As an alternative to measuring fine-grained dimensions of the speech signal, this research makes a broad distinction between prosodic dimensions (pitch, intensity, and duration) on one hand, and segmental content on the other. Through careful resynthesis, a corpus of parallel sentences are created that effectively hold constant either prosody or segmental content across resynthesized “talkers”. High-quality stimuli are achieved by hand-correction of glottal pulse epochs and semi-automated hand segmentation of syllable durations, followed by automated dynamic time warping of durations and swapping of pitch and intensity contours.
Results from a speech-in-noise task with both unmodified and resynthesized stimuli show that talkers with low intrinsic intelligibility may have relatively “good” prosody, evidenced by improvements in intelligibility when their prosody is mapped onto other talkers’ waveforms. In contrast, talkers with high intrinsic intelligibility may have relatively “bad” prosody, evidenced by lower intelligibility caused by mapping their prosody onto other talkers. A linear mixed-effects regression model (controlling for signal processing distortion and variation in sentence difficulty) supports this view: patterns of coefficients for “prosodic donor” and “segmental donor” show different rankings than the overall intelligibility scores for unmodified talkers. Comparison between these patterns and post-hoc acoustic analyses of the stimuli allows classification of acoustic predictors based on how well they correlate with “prosodic donor” or “segmental donor” coefficient patterns.
References
[1] Bond, Z. S., & Moore, T. J. (1994). A note on the acoustic-phonetic characteristics of inadvertently clear speech. Speech Communication, 14(4), 325–337. doi: 10.1016/0167-6393(94)90026-4.

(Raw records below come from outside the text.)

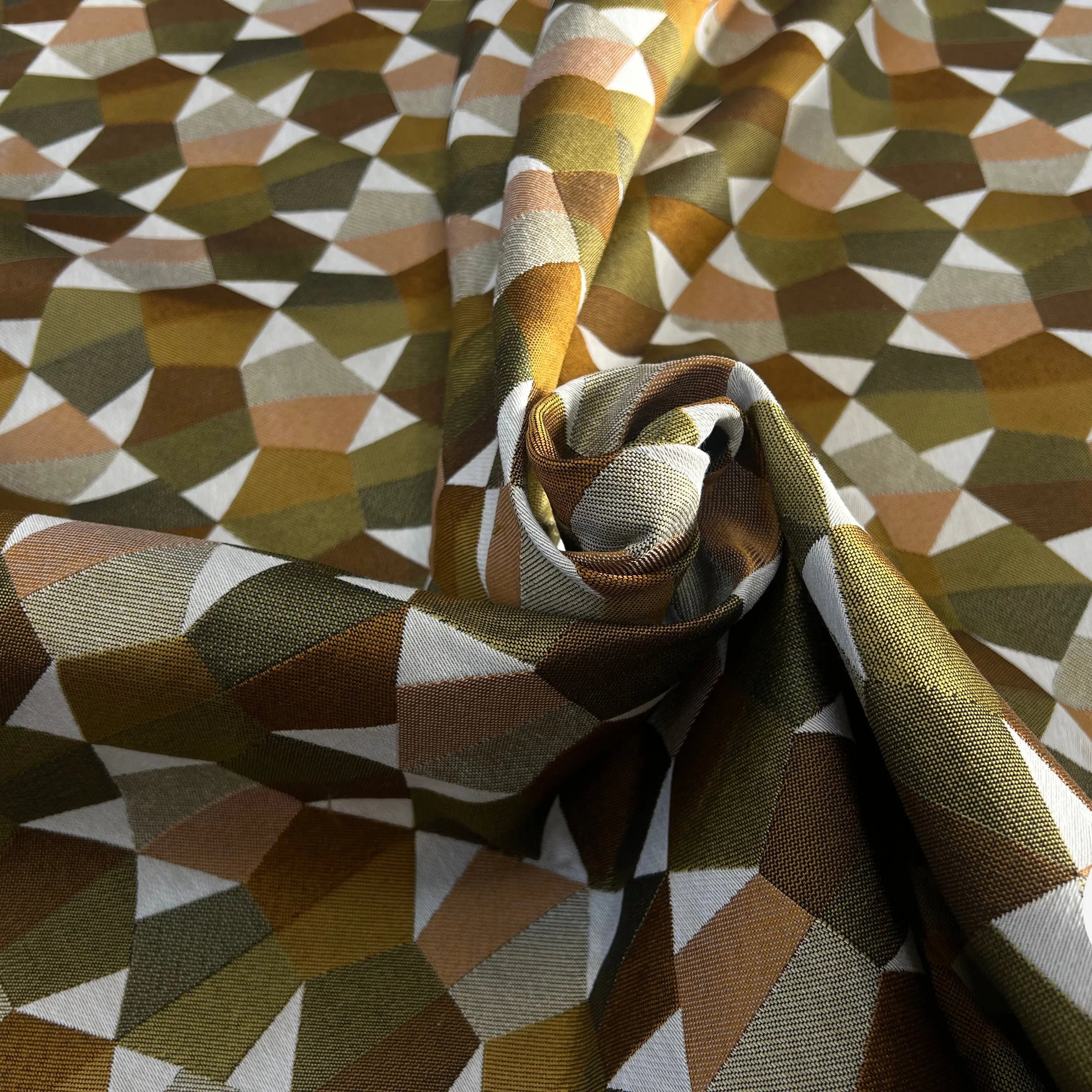 JACQUARD TISSÉ TEINT MUSTANG ALLOVER GOLD - My Little Coupon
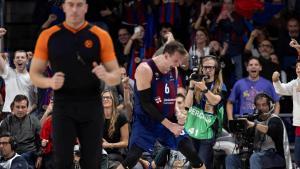 Vesely, el mejor del Barça, celebra con euforia la victoria ante el Madrid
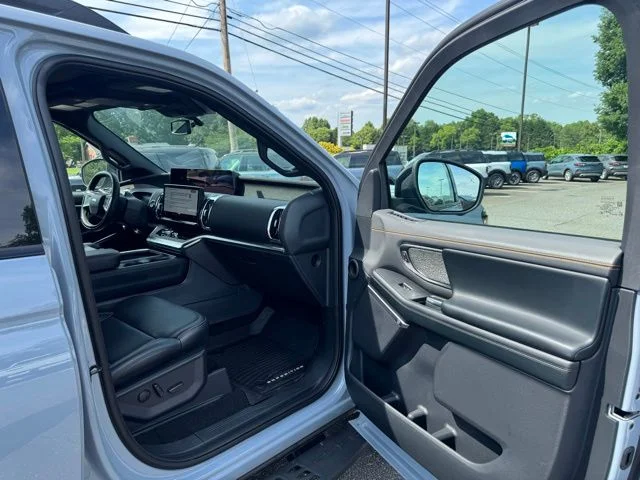 Used 2025 Gray Ford Tremor image 19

[2] Bradlow, A. R., Torretta, G. M., & Pisoni, D. B. (1996). Intelligibility of normal speech I: Global and fine-grained acoustic-phonetic talker characteristics. Speech Communication, 20(3-4), 255–272. doi: 10.1016/S0167-6393(96)00063-5.
[3] Clopper, C. G., & Smiljanić, R. (2011). Effects of gender and regional dialect on prosodic patterns in American English. Journal of Phonetics, 39(2), 237–245. doi: 10.1016/j.wocn.2011.02.006.
[4] Hazan, V., & Markham, D. (2004). Acoustic-phonetic correlates of talker intelligibility for adults and children. The Journal of the Acoustical Society of America, 116(5), 3108–3118. doi: 10.1121/1.1806826.
[5] Mayo, C., Aubanel, V., & Cooke, M. (2012). Effect of prosodic changes on speech intelligibility. Paper presented at the 13th Annual Conference of the International Speech Communication Association. In INTERSPEECH-2012. url: http://interspeech2012.org/accepted-abstract.html?id=661
[6] Neel, A. T. (2008). Vowel space characteristics and vowel identification accuracy. Journal of Speech, Language, and Hearing Research, 51(3), 574–585. doi: 10.1044/1092-4388(2008/041).
[7] Sommers, M. S., Nygaard, L. C., & Pisoni, D. B. (1994). Stimulus variability and spoken word recognition I: Effects of variability in speaking rate and overall amplitude. The Journal of the Acoustical Society of America, 96(3), 1314–1324. doi: 10.1121/1.411453.
[8] Tolhurst, G. C. (1957). Effects of duration and articulation changes on intelligibility, word reception and listener preference. Journal of Speech and Hearing Disorders, 22(3), 328–334.